Deze beroepsgrond slaagt niet. Anders dan appellant stelt, bieden de gedingstukken, in onderlinge samenhang bezien, voldoende aanknopingspunten voor de conclusie dat appellant ook in de eerste zes maanden van de te beoordelen periode op geld waardeerbare werkzaamheden heeft verricht. Uit het internetonderzoek blijkt dat de website van het bedrijf van appellant in deze periode nog actief was en dat derden op Marktplaats in augustus 2014 en september 2014 recensies hebben geplaatst over de door dit bedrijf verrichte werkzaamheden. Verder blijkt uit de door appellant ingeleverde bankafschriften dat sprake is van bijschrijvingen op en afschrijvingen van de zakelijke rekening van appellant. De bijschrijvingen betreffen betalingen op facturen door derden en de afschrijvingen betreffen vooral betalingen aan een interieur- en afwerkingsbedrijf. Bovendien heeft appellant verklaard dat hij van 15 mei 2014 tot 25 mei 2014 in het bedrijf van zijn schoonvader heeft geholpen door personeel in een bedrijfsauto naar en van bouwplaatsen te rijden en door materialen in te kopen of op te halen. Dat appellant stelt dat hij geen vergoeding heeft ontvangen voor de door hem geboden hulp, maakt niet dat de werkzaamheden in het bedrijf van zijn schoonvader niet zijn te duiden als op geld waardeerbare werkzaamheden. Volgens vaste rechtspraak (uitspraak van 8 mei 2012, ECLI:NL:CRVB:2012:BW5646) is het verrichten van op geld waardeerbare activiteiten een omstandigheid die voor het recht op bijstand van belang kan zijn, ongeacht de intentie waarmee die werkzaamheden worden verricht en ongeacht of uit die werkzaamheden daadwerkelijk inkomsten worden genoten.
4.6.
Appellant heeft de op hem rustende inlichtingenverplichting geschonden door geen mededeling te doen van door hem verrichte op geld waardeerbare werkzaamheden. Als gevolg daarvan kan het recht op bijstand met ingang van 3 april 2014 niet worden vastgesteld. Dit betekent dat het college gehouden is de bijstand met ingang van 3 april 2014 in te trekken en de over de periode van 3 april 2014 tot en met 30 juni 2015 gemaakte kosten van bijstand terug te vorderen. Gelet op het verplichtende karakter van de besluiten tot intrekking en terugvordering bestaat er geen ruimte om te toetsen aan artikel 3:4, tweede lid, van de Awb. De beroepsgrond dat de intrekking en de terugvordering disproportioneel zijn, slaagt daarom niet.
4.7.
Uit 4.5.1 tot en met 4.6 volgt dat het hoger beroep niet slaagt. De aangevallen uitspraak, voor zover aangevochten, zal daarom worden bevestigd.
4.8.
Tegen het nader besluit heeft appellant geen zelfstandige gronden aangevoerd. Het beroep tegen het nader besluit is ongegrond.

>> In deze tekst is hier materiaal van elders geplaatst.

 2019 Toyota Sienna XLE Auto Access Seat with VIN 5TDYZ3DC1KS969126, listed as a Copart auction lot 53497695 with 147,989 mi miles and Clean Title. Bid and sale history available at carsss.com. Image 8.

5. Voor een veroordeling in de proceskosten bestaat geen aanleiding.

BESLISSING

De Centrale Raad van Beroep:
- bevestigt de aangevallen uitspraak voor zover aangevochten;
- verklaart het beroep tegen het besluit van 4 mei 2017 ongegrond.
Deze uitspraak is gedaan door P.W. van Straalen als voorzitter en M.F. Wagner en J.L. Boxum als leden, in tegenwoordigheid van A.A.H. Ibrahim als griffier. De beslissing is uitgesproken in het openbaar op 23 juli 2019.